Antoine tem um desejo e um objetivo com essa atitude: assegurar-se de que os djihadistas que assassinaram sua mulher não roubem igualmente a vida de seu filho, fazendo-o cativo do ódio. Melvil tem que responder a eles e vencê-los sendo uma criança livre e feliz. E conta com seu pai para ajudá-lo nessa tarefa de vida inteira. O jovem jornalista de “France Bleue” espera poder dar ao filho armas para que este enfrente a vida. Mas, em suas próprias palavras “armas de papel, de pincéis, de notas musicais e não kalachnikovs”.

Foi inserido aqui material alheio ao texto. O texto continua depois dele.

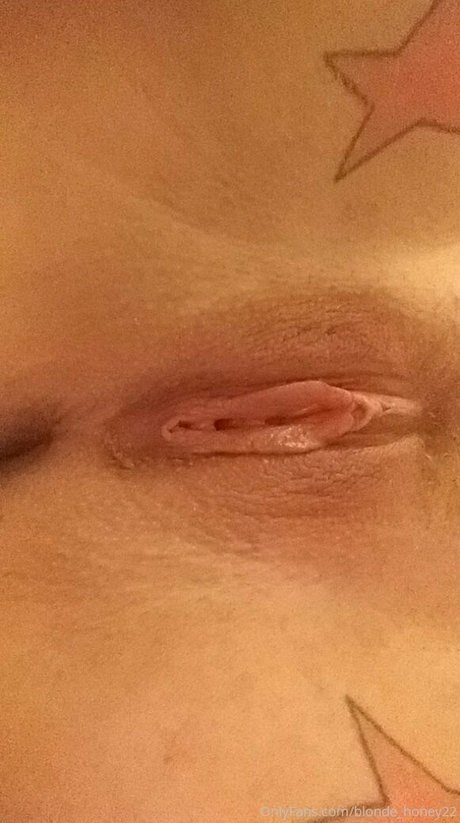 blonde honey22 onlyfans picture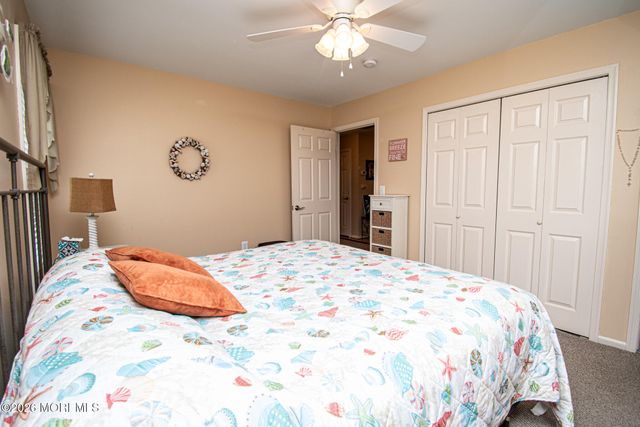 2382 Mount Hood Lane, Toms River, NJ 08753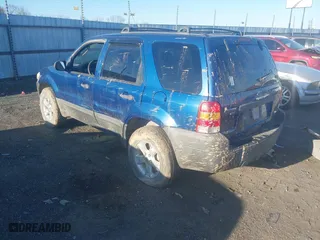 2007 Ford Escape XLT with VIN 1FMYU93117KA03886, listed as a IAAI auction lot 41783932 with 251,969 mi miles. Bid and sale history available at carsss.com. Image 3.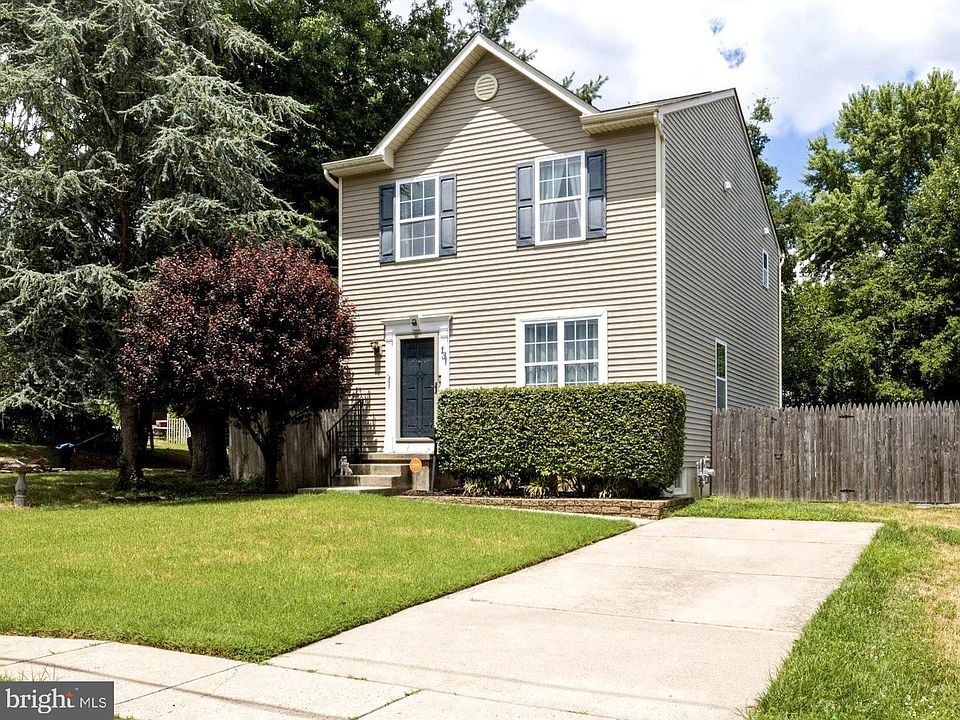1st image of 131 W Monroe Ave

Após os atentados, os bombardeios no Oriente Médio recrudesceram, fazendo centenas de novas vítimas. E novas investidas preparam-se deste lado do mundo. No entanto, o fato de a bela carta de Antoine haver encontrado imensa repercussão nos meios de comunicação e nas redes sociais nos dá esperança. Esperança de que a humanidade não deseja o ódio e sim a liberdade e a convivência. Que assim seja!
* professora do Departamento de Teologia da PUC-Rio. A teóloga é autora de “O mistério e o mundo – Paixão por Deus em tempo de descrença”, Editora Rocco.